Find the line containing "Бежевий Шевроле Авео, об'ємом" in the records below. Copy exactly that line and each one after it, ending at the line containing "Van Cleef &", and nothing more.

--- Records for the exercise Enclosed Below ---

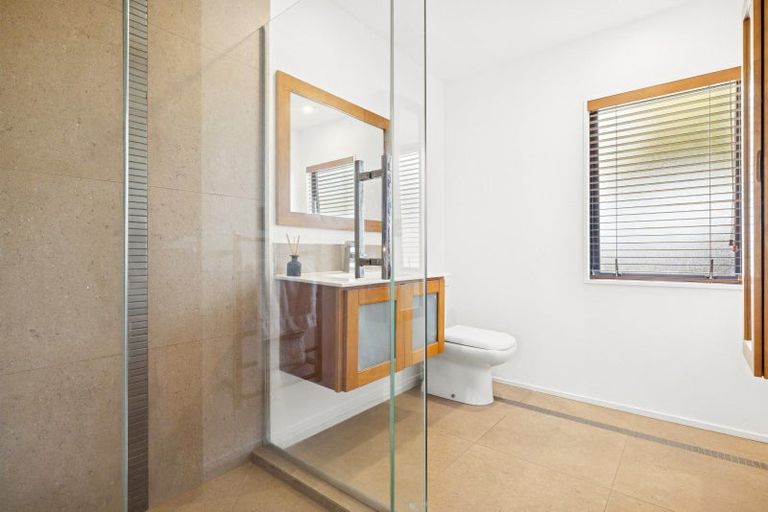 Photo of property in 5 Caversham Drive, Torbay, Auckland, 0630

--- End of Enclosed Records for the exercise ---
--- Records for the exercise Enclosed Below ---

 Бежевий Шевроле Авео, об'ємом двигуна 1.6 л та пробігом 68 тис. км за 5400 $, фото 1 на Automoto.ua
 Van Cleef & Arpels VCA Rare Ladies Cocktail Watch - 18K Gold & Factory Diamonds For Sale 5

--- End of Enclosed Records for the exercise ---

● Answer for the task
 Бежевий Шевроле Авео, об'ємом двигуна 1.6 л та пробігом 68 тис. км за 5400 $, фото 1 на Automoto.ua
 Van Cleef & Arpels VCA Rare Ladies Cocktail Watch - 18K Gold & Factory Diamonds For Sale 5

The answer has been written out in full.